(Brief descriptive captions)
####
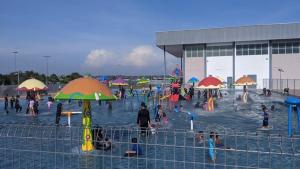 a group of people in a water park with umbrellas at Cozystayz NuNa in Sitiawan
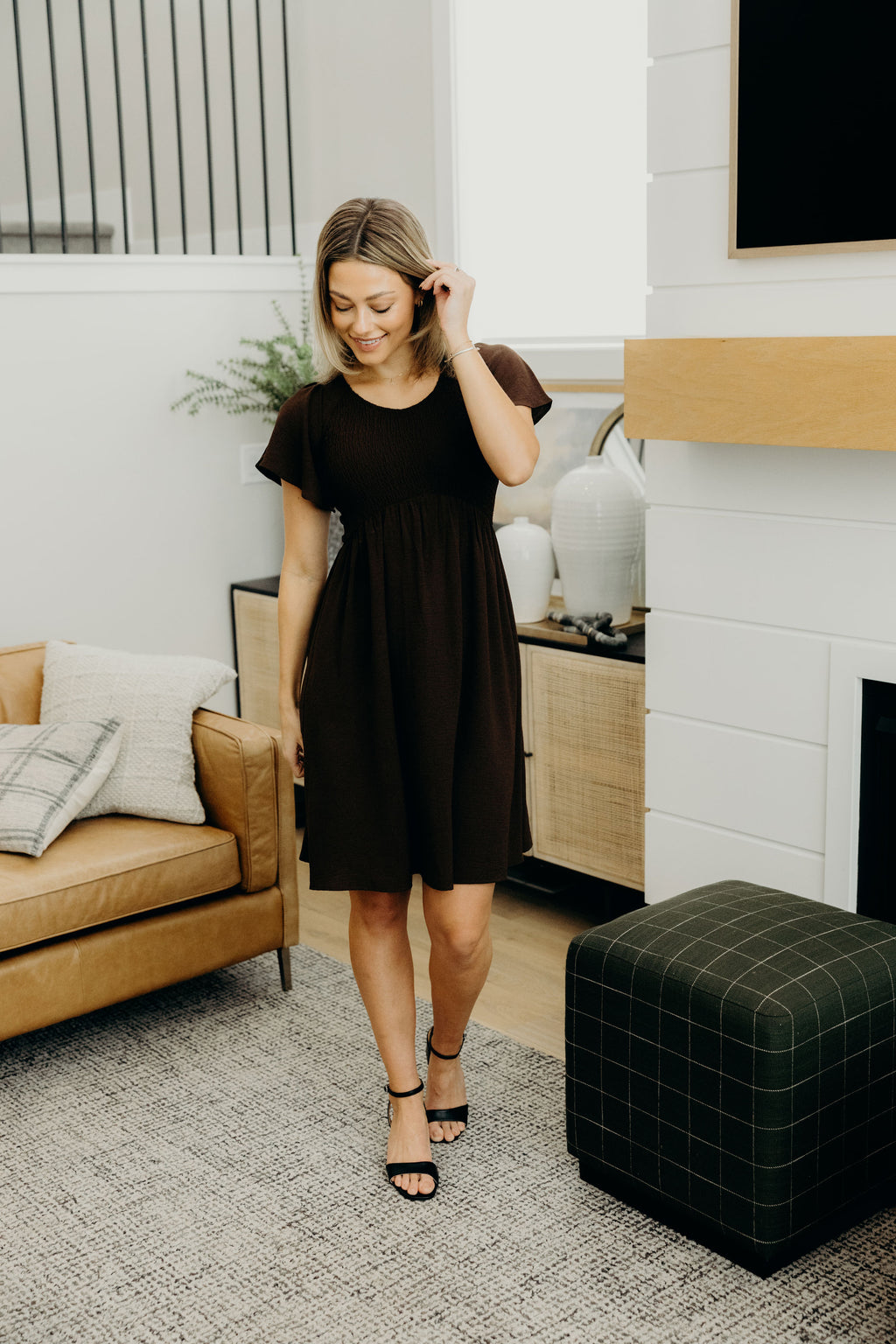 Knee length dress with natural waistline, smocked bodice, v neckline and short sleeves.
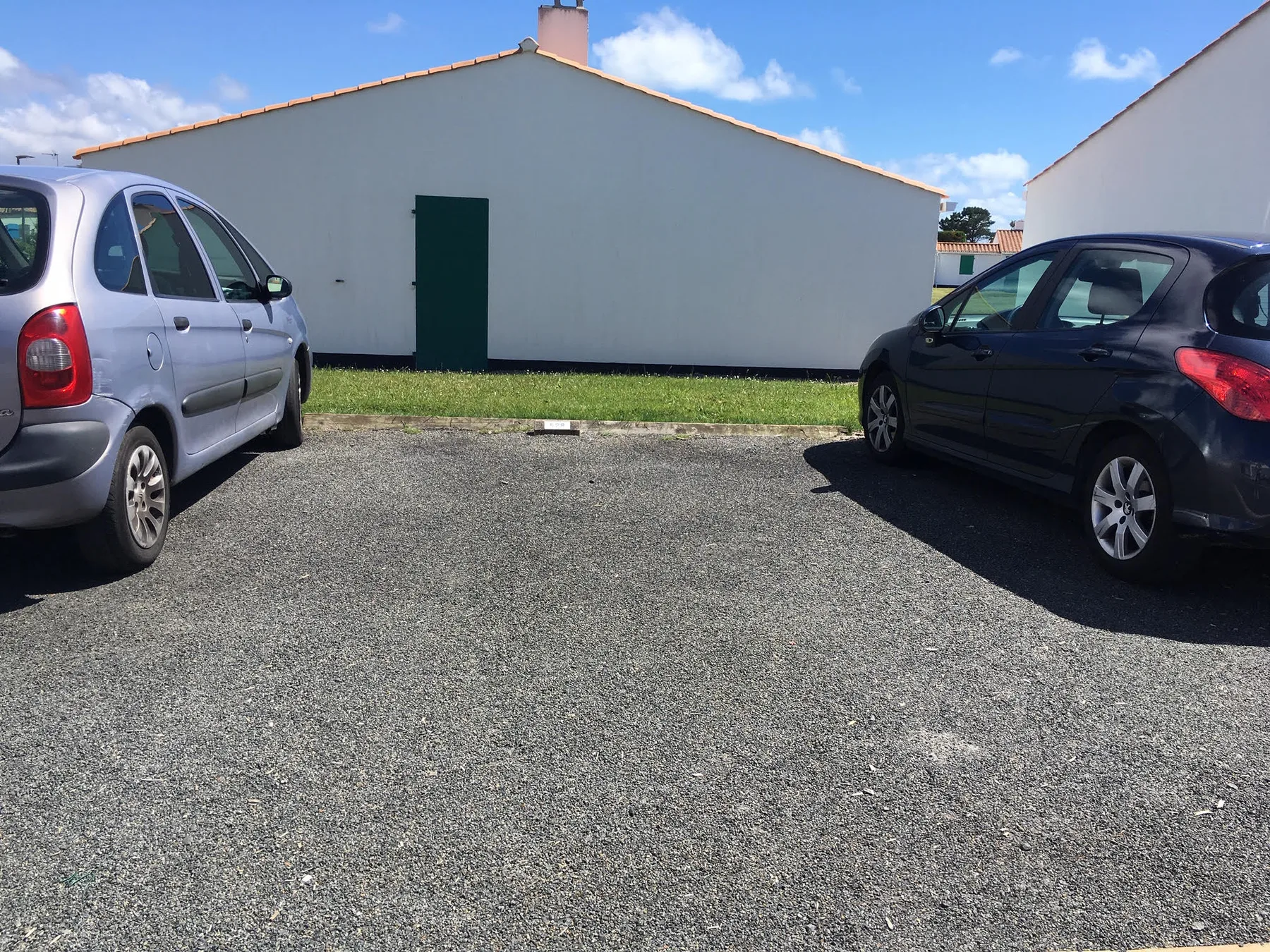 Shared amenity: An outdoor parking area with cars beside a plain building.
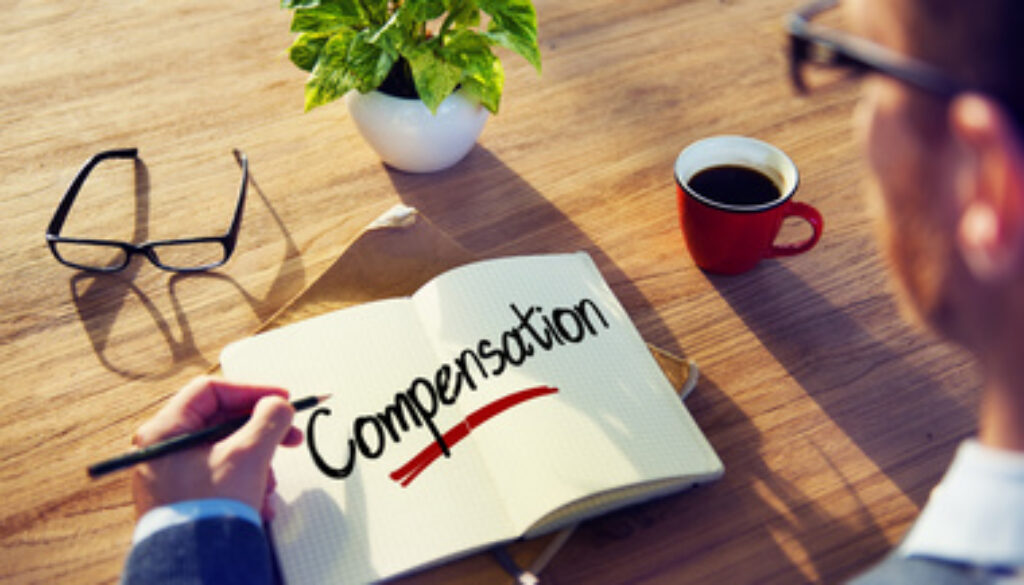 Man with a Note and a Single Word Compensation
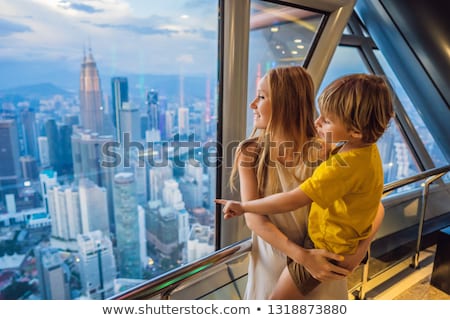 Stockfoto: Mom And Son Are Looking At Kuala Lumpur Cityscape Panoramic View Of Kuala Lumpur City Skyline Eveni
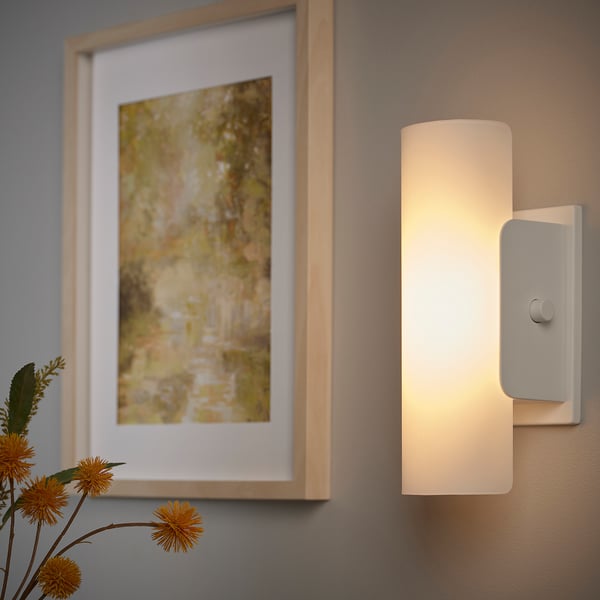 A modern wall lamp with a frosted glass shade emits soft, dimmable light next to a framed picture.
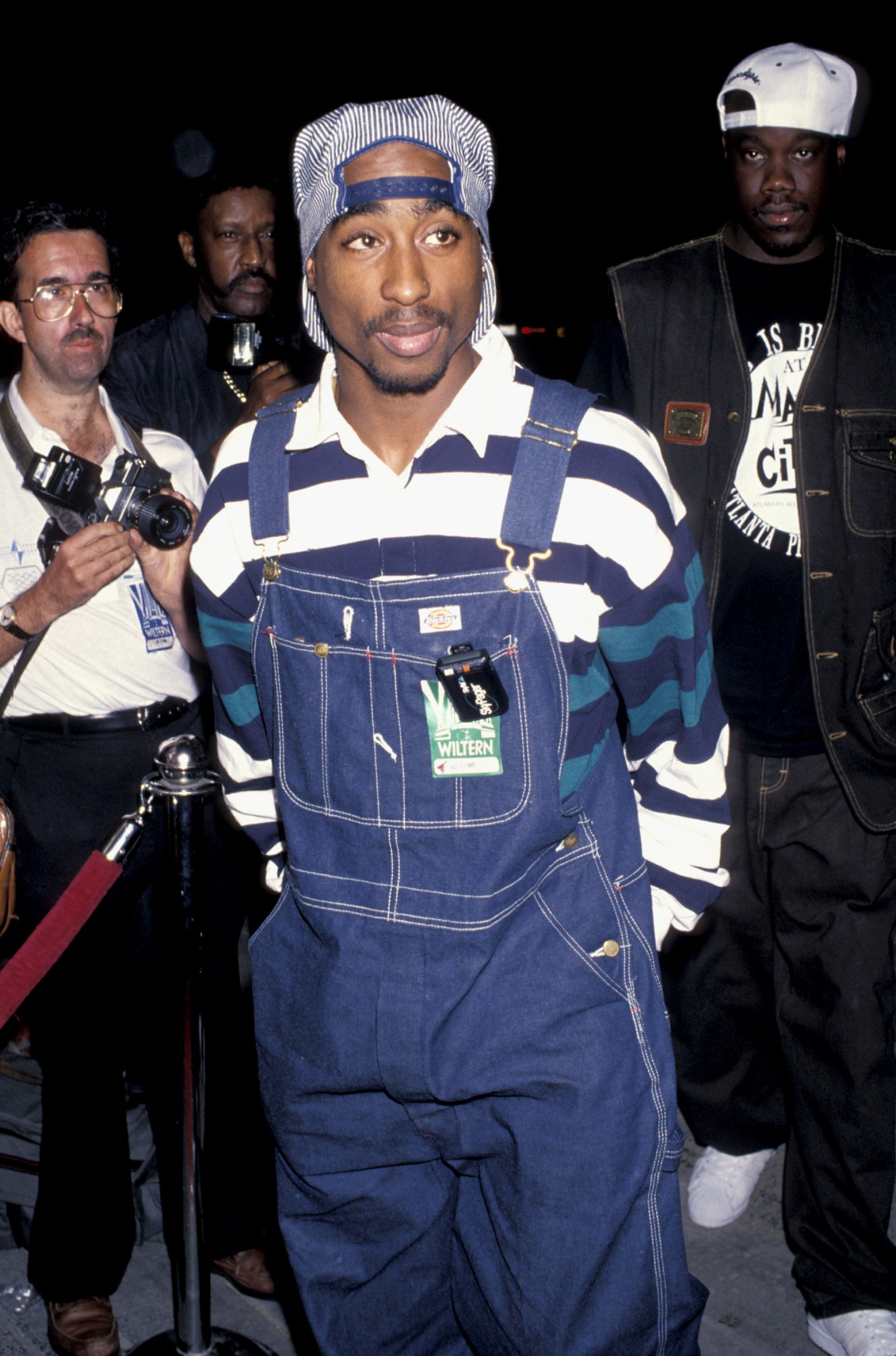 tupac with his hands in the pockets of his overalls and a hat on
####
TASK ITEM » All lines from the one containing "Man with a Note" to the last line of the data above, both included, should be printed exactly, and the pictures should not appear.

EXERCISE ANSWER »
 Man with a Note and a Single Word Compensation
 Stockfoto: Mom And Son Are Looking At Kuala Lumpur Cityscape Panoramic View Of Kuala Lumpur City Skyline Eveni
 A modern wall lamp with a frosted glass shade emits soft, dimmable light next to a framed picture.
 tupac with his hands in the pockets of his overalls and a hat on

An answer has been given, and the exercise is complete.